Él me escoge como a Pedro, Juan o María Magdalena. Él participa de mis fiestas como en Cana. Él comparte conmigo los alimentos como en la cena pascual. Él habla conmigo como con la samaritana. Él me hace conocer Nuestro Papa Creador. Él multiplica mis panes cuando tengo necesidades. Él me enseña como a sus apóstoles o a los discípulos de Emaús. Él me levanta como el paralitico. Él me limpia como el leproso. Él apacigua mis tempestades como en el lago de Galilea. Él me retorna a la vida porque me considera su amigo como Lázaro. Como con los mercaderes del templo, Él se enfurece cuando solamente pienso en el dinero. Él me lava los pies para mostrarme como servir. Él me manda en misión como en Pentecostés.

 

Él me muestra la vía, el sendero, el camino a conquistar para una vida radiante, ofrecida, prometida a Él y a todos los seres humanos.

 

Y es porque siento muy adentro ese Amor, el Amor Sublime de Dios, que me nace el deseo de corresponderle. Él cuenta conmigo para responder a Él y a mis hermanos. Él quiere que coopere, acompañe, ayude, reconforte al refugiado, al desplazado, al pobre, al violentado, al relegado, como Él lo hace conmigo.

 

Y si sigo la ruta que me indica, podré, algún día, decir: “Su Vida es mi vida”. Como escribe San Pablo: “Cristo vive en mí”.

 

¿A menudo, alcanzó a verlo, oírlo, sentirlo actuando en mi vida?

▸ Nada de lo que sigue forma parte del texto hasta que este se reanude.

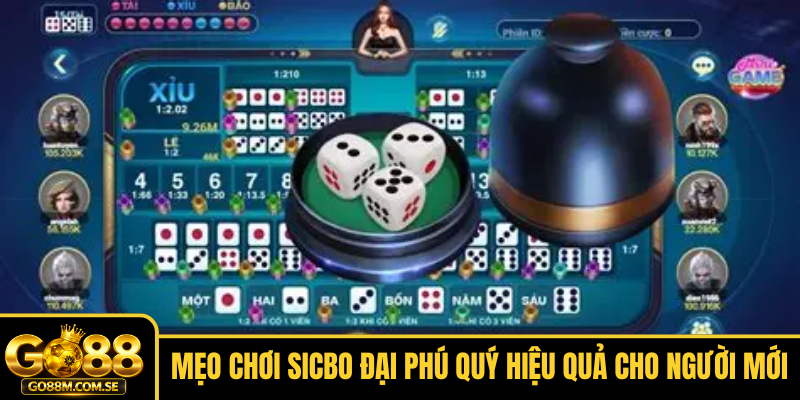 Mẹo chơi Sicbo Đại Phú Quý hiệu quả cho người mới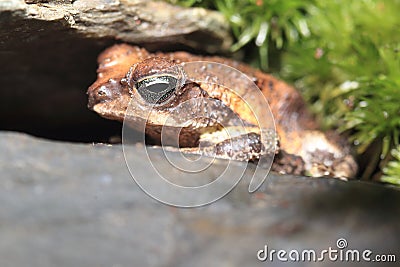 Western giant toad Stock Photo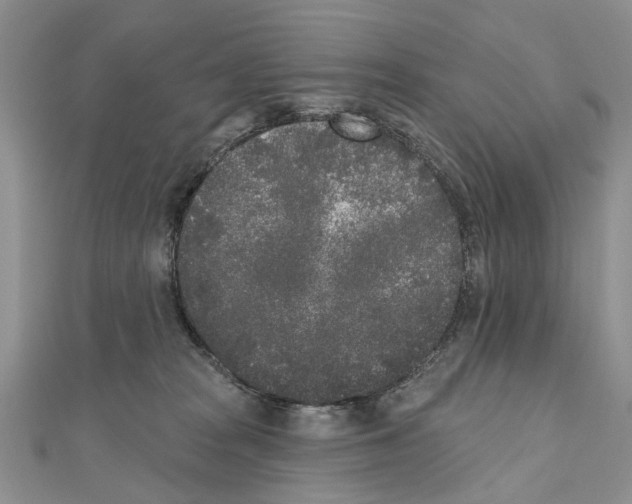 X0000110720277200907241213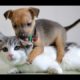 Funny Cats Meeting Cute Puppies For The First Time Compilation 2017 [BEST OF]
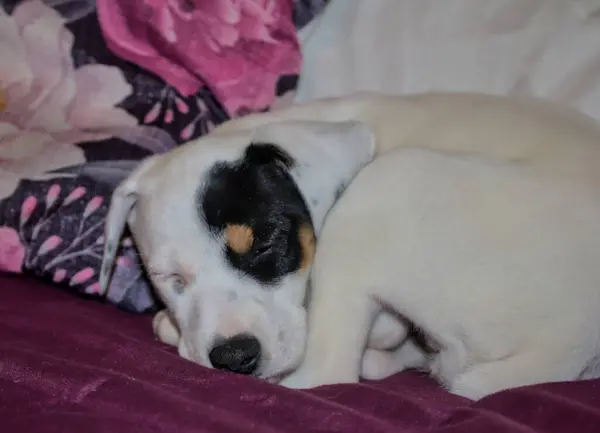 Yavru köpek, yürüyüşten sonra yatağında huzur içinde uyuyor.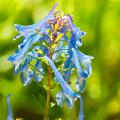 Corydalis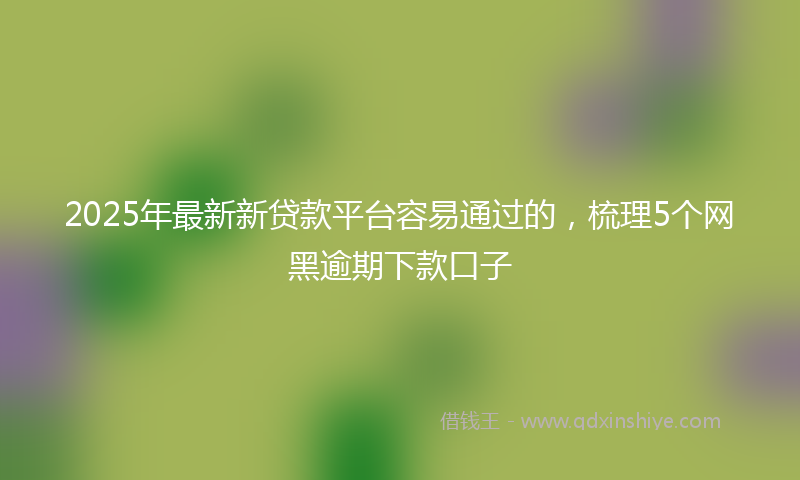 2025年最新新贷款平台容易通过的，梳理5个网黑逾期下款口子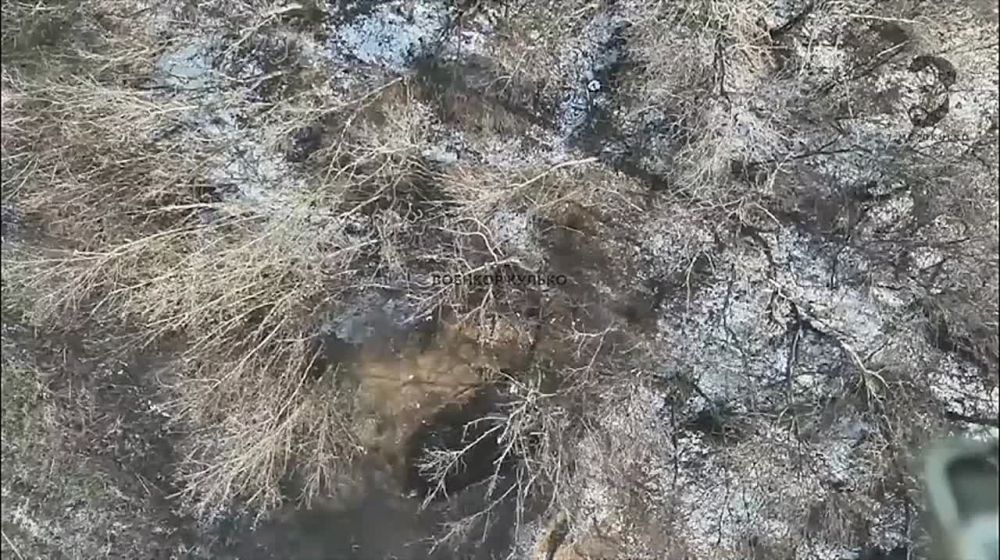 ������� ������: ����� ������� ���������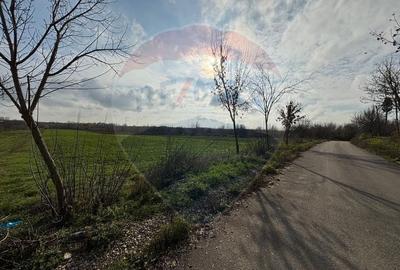 Teren 7094 mp Buftea pozitie excelenta vizavi de parc, acces asfaltat - 3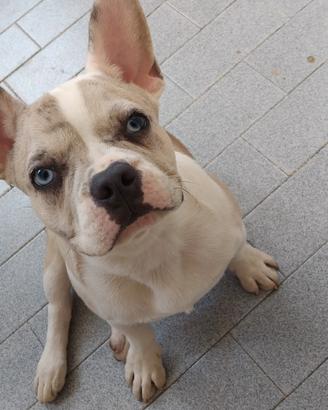 Buldog francese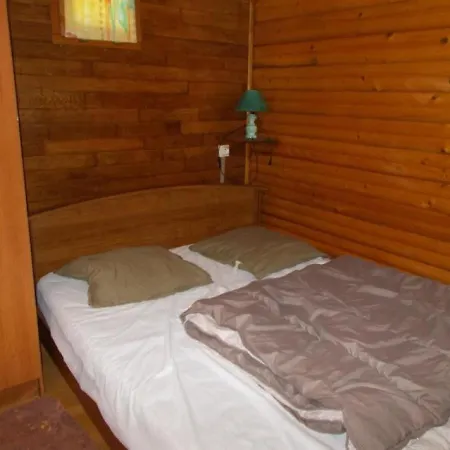 Maison Chambon-sur-lac, 5 Pièces, 8 Personnes - Fr-1-395-11 Chambon-sur-Lac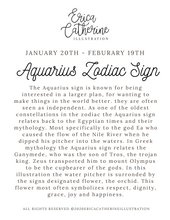 Load image into Gallery viewer, Aquarius Zodiac Sign - Seconds Sale
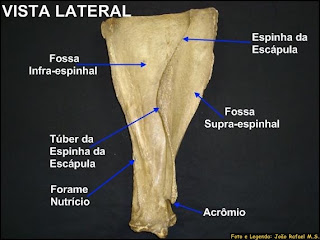 BOVINOS: OSTEOLOGIA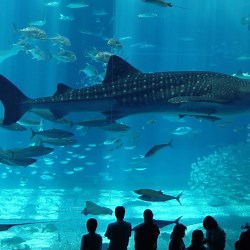 Istanbul Aquarium Ticket & Shuttle | Hop on Hop Off Istanbul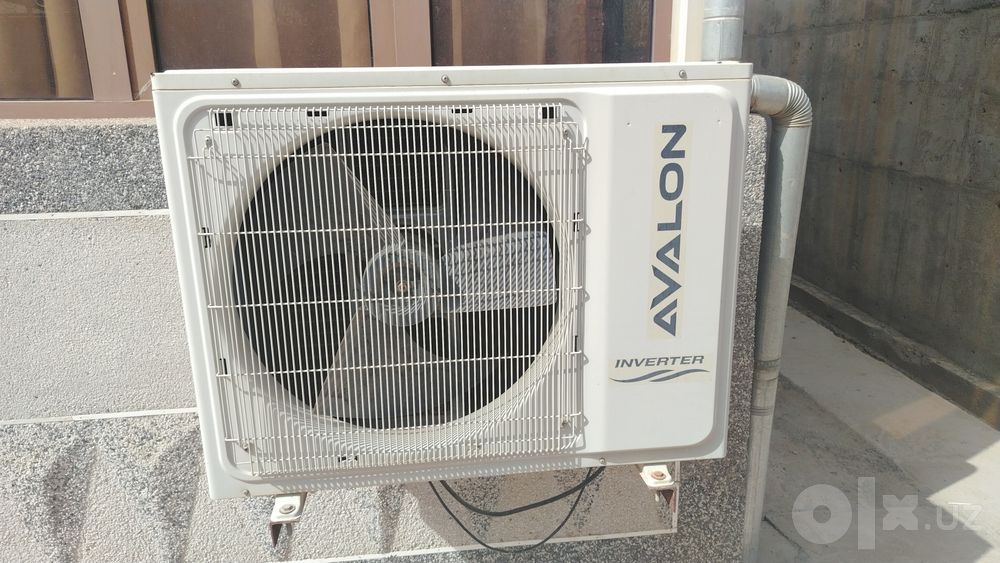 24 kanditsioner. Avalon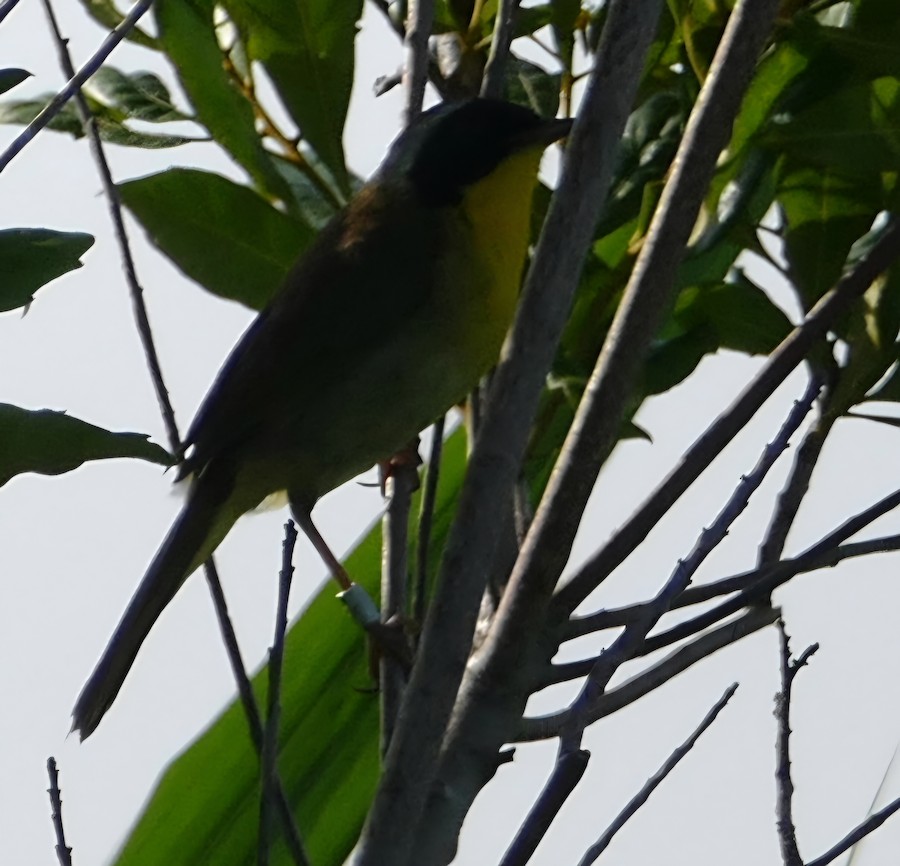 Common Yellowthroat - Adrianne Petillo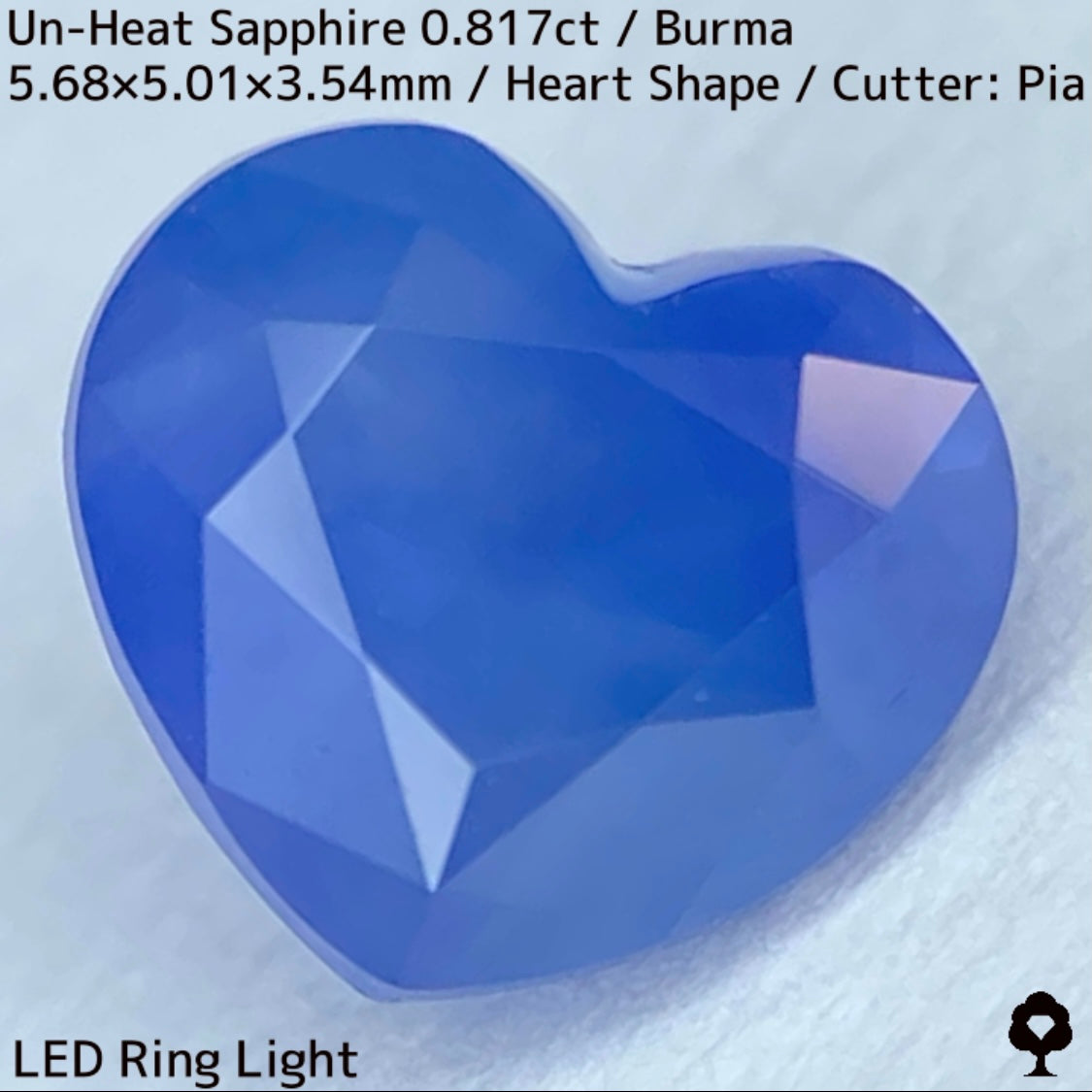 Un-Heat Sapphire 0.817ct / Burma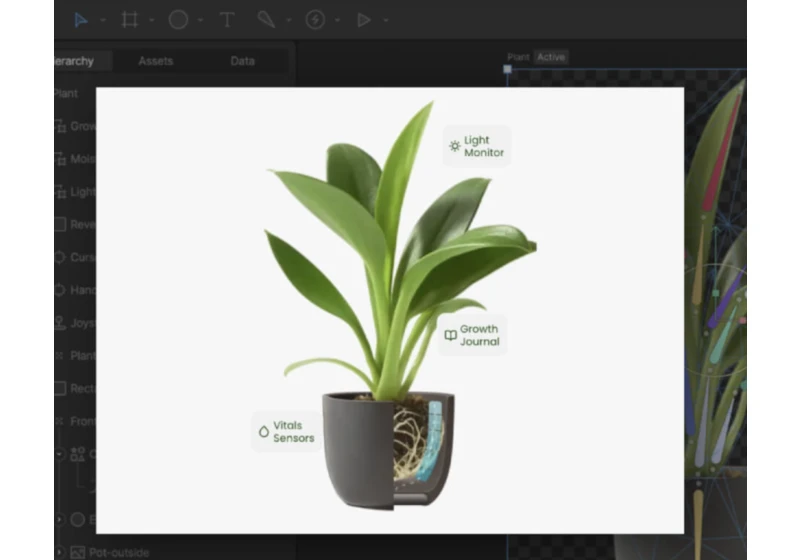 Micro-Animations Every Web Developer Can Master with Rive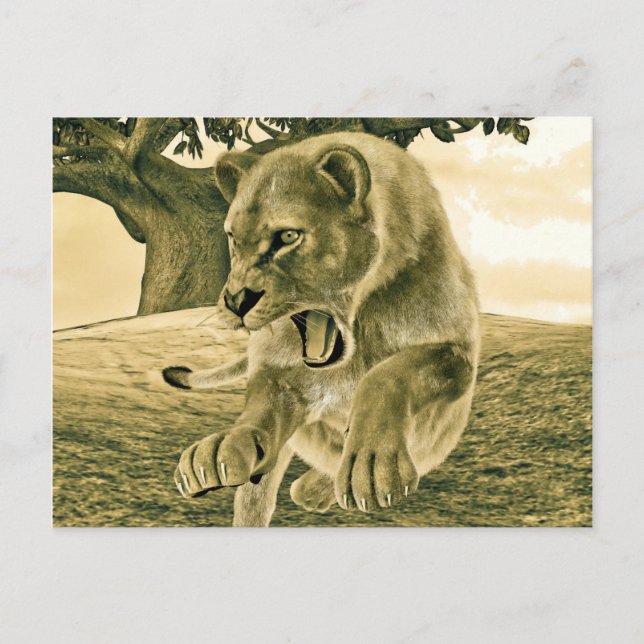 Postal Cazando a la leona (Anverso)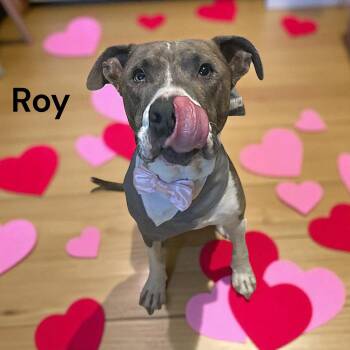 Rescue Pit Bull Terrier Dogs for Adoption in Lucas, Texas - Roy | PetCurious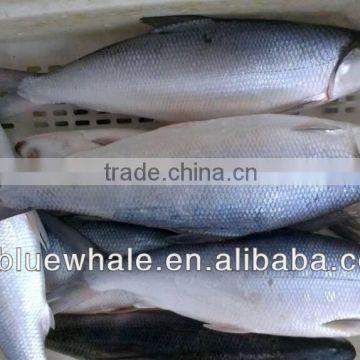 MILKFISH WHOLE ROUND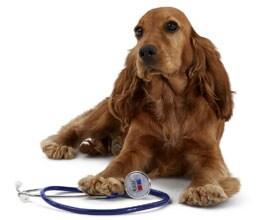 Hund bilde Hund bilde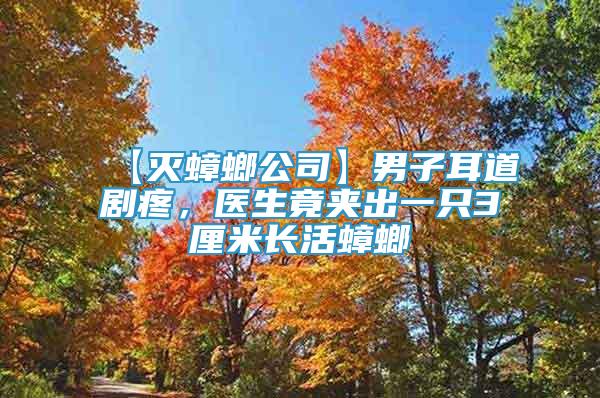 【滅蟑螂公司】男子耳道劇疼，醫(yī)生竟夾出一只3厘米長活蟑螂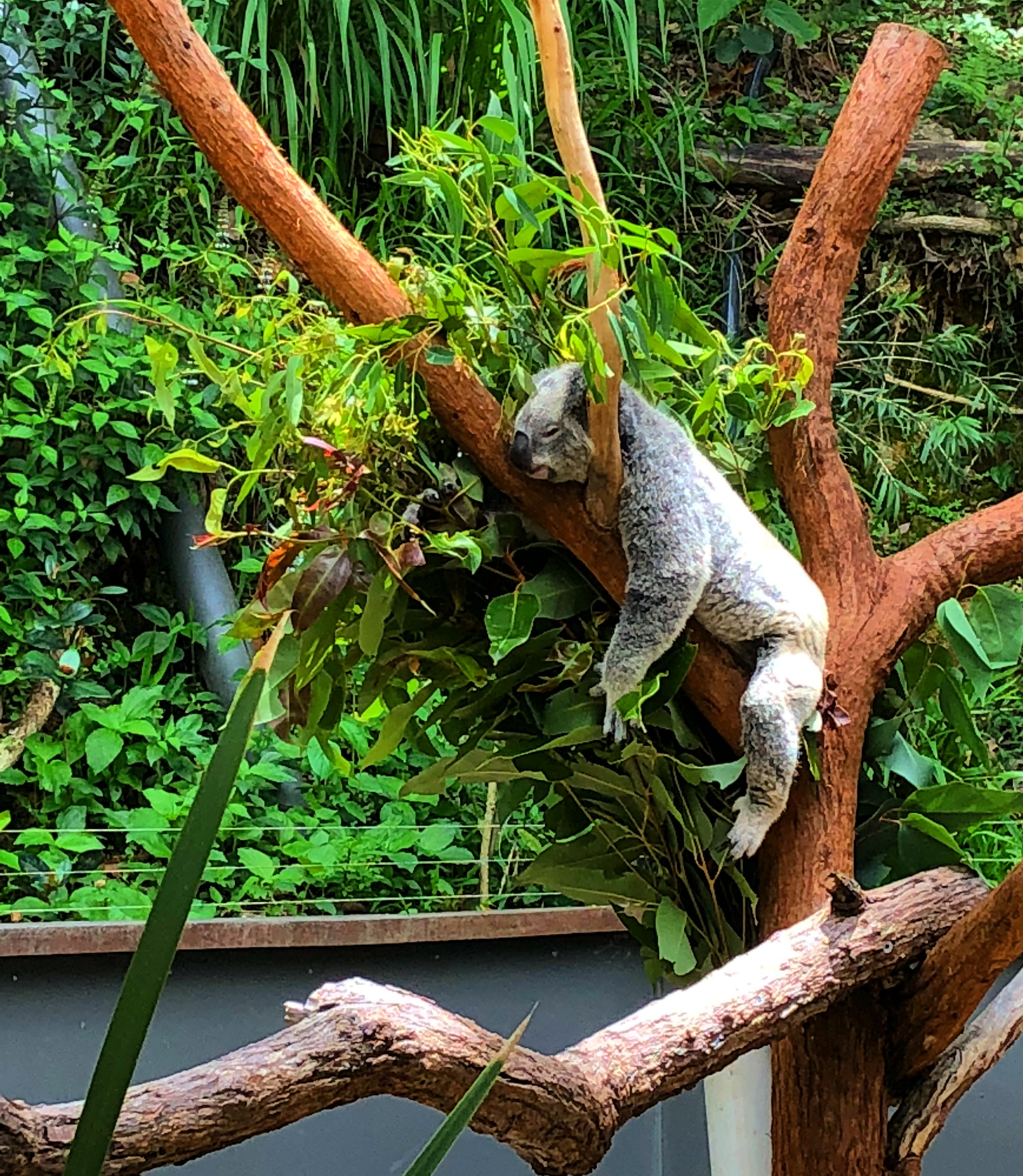 Kuranda Koala Gardens koala Kuranda Wildlife Experience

¿Qué es lo que tengo que trabajar en el día a día para acercármele más?

¿Qué sensibilidad tengo que adquirir para hacer parte de la Sonrisa de Dios hacía mis semejantes?

¿Cuáles de mis estructuras y de las que me ofrece la sociedad tengo que cuestionar y tratar de cambiar?

¿Cuáles son las acciones concretas que tengo que desarrollar en mi quehacer diario para lograr alcanzar este Amor Intenso que siento por Él y que tendría que sentir para todos los que me reclaman?

 

¡Hay tanto por hacer que no puedo esperar ni un minuto más!